A instalação em Samos abriga, atualmente, mais de 700 solicitantes de asilo vindos de Paquistão, Bangladesh, Afeganistão, Síria, Iraque, Sudão, Líbano, Argélia, Marrocos e Egito. Muitos são mulheres e crianças.

A maioria dessas pessoas detidas chegou de barco após o dia 20 de março. Alguns chegaram antes dessa data, mas foram detidos, porque não são de nacionalidade síria ou iraquiana, ou porque são menores de idade. Supostamente, estes últimos deveriam ser enviados a uma instalação especial em Creta, embora, atualmente, ela ofereça cuidados apenas a algumas dezenas de menores de idade, enquanto a maioria deles é deixada sem assistência.

Foi dito aos migrantes que eles seriam levados a um acampamento em Atenas, de acordo com o mecanismo de relocação disposto na regulação de Dublin. Isso permite que refugiados escolham oito países da lista dos Estados da UE, e posteriormente sejam concentrados esforços para enviá-los a um deles.
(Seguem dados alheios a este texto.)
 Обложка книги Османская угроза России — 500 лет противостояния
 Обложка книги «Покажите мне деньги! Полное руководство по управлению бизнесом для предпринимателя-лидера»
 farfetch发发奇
No entanto, parece não haver garantias de que a escolha dos oito países será respeitada.

No dia 24 de março, não havia migrantes em Samos a não ser no espaço que funcionava anteriormente como centro de registro. Em geral, as pessoas não sabem sequer o que o futuro próximo lhes guarda. Muitas nos contam que ficaram detidas por dias na Turquia antes de serem soltas no dia 20 de março.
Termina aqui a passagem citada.